== Task statement ==
Take the entries below and print, exactly, the stretch from the line containing "an empty building" through the line containing "收藏品 ::Bottega Veneta:: Light", both included.

#### Input data ####

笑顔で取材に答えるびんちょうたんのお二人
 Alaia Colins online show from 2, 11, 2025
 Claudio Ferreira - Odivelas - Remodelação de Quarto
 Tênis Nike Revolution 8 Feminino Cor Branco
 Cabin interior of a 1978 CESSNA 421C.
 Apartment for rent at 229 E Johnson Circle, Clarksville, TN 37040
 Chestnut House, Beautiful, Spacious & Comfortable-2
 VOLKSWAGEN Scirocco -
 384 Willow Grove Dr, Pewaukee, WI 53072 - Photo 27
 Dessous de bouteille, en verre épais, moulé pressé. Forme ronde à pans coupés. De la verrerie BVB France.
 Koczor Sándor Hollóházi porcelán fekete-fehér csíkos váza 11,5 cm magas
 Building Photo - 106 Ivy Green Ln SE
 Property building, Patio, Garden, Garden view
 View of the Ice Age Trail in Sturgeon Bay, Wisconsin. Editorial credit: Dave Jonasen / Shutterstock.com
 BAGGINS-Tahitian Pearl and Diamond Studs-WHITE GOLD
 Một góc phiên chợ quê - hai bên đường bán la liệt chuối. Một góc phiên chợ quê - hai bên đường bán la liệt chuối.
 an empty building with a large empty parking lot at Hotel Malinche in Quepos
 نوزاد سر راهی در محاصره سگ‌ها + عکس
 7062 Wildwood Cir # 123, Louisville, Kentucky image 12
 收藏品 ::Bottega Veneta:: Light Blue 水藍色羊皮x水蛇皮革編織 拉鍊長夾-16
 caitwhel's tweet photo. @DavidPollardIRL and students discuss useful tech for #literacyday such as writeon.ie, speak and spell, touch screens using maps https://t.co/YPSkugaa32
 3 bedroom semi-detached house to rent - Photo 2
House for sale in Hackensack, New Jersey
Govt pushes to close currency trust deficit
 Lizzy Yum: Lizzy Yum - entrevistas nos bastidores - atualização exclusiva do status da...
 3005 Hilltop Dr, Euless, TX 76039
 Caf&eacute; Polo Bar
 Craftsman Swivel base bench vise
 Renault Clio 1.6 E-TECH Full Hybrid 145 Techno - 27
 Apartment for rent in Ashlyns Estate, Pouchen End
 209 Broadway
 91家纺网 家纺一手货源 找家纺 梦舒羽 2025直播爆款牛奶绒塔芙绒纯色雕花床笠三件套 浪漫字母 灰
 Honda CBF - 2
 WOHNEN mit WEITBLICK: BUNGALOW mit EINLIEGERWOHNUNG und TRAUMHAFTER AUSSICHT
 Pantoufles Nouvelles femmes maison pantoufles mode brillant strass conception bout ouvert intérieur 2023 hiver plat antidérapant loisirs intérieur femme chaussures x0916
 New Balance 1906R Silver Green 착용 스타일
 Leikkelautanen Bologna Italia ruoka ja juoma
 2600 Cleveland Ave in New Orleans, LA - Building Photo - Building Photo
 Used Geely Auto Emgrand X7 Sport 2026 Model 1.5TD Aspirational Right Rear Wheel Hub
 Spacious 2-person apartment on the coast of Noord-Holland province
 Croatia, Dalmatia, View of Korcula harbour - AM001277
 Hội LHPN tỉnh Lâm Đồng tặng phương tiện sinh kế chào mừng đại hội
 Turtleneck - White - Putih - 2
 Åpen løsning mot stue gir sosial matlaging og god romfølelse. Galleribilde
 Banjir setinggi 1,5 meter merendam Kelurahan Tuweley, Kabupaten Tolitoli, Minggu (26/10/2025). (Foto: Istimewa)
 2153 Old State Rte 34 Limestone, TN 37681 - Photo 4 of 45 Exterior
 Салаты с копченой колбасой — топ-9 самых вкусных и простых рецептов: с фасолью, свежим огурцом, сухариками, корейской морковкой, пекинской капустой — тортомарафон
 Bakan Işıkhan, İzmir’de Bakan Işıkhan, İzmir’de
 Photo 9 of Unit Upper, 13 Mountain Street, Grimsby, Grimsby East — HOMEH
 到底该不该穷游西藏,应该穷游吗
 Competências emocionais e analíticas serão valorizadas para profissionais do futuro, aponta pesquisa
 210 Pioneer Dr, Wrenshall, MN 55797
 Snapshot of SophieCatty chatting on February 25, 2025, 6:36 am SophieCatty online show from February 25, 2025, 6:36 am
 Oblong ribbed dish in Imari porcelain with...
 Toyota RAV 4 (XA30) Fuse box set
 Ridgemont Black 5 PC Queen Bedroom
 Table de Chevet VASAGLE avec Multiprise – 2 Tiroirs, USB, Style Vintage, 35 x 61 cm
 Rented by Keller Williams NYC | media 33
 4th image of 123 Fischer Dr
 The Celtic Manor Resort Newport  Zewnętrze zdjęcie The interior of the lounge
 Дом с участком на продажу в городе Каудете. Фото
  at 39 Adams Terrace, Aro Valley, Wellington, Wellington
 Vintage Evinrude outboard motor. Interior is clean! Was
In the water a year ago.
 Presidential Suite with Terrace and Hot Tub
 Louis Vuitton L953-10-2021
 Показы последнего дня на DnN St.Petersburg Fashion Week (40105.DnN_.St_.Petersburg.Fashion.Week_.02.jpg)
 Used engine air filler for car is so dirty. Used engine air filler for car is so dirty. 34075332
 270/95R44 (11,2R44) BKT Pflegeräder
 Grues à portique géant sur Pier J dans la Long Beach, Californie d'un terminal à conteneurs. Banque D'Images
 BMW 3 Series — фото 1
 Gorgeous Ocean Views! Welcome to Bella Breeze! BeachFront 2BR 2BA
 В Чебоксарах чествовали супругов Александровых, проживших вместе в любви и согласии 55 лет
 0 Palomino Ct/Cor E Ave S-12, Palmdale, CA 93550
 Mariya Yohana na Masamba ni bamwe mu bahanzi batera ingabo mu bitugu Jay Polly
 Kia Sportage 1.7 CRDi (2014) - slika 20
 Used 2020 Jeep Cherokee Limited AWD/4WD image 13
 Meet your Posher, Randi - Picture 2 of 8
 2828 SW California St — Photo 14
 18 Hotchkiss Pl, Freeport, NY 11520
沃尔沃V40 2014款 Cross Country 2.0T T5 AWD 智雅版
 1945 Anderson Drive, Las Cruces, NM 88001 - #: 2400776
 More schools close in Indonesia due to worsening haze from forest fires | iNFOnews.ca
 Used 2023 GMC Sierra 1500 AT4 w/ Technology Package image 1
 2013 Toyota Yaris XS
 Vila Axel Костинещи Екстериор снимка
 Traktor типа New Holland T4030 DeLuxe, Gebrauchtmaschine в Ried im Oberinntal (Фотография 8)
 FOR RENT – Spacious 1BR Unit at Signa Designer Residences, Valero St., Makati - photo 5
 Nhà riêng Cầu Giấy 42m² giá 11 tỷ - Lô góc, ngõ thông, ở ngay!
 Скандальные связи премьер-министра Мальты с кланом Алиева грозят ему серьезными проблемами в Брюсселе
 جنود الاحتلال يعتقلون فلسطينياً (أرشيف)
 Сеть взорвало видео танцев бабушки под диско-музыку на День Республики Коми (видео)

####

== Result of this task ==
 an empty building with a large empty parking lot at Hotel Malinche in Quepos
 نوزاد سر راهی در محاصره سگ‌ها + عکس
 7062 Wildwood Cir # 123, Louisville, Kentucky image 12
 收藏品 ::Bottega Veneta:: Light Blue 水藍色羊皮x水蛇皮革編織 拉鍊長夾-16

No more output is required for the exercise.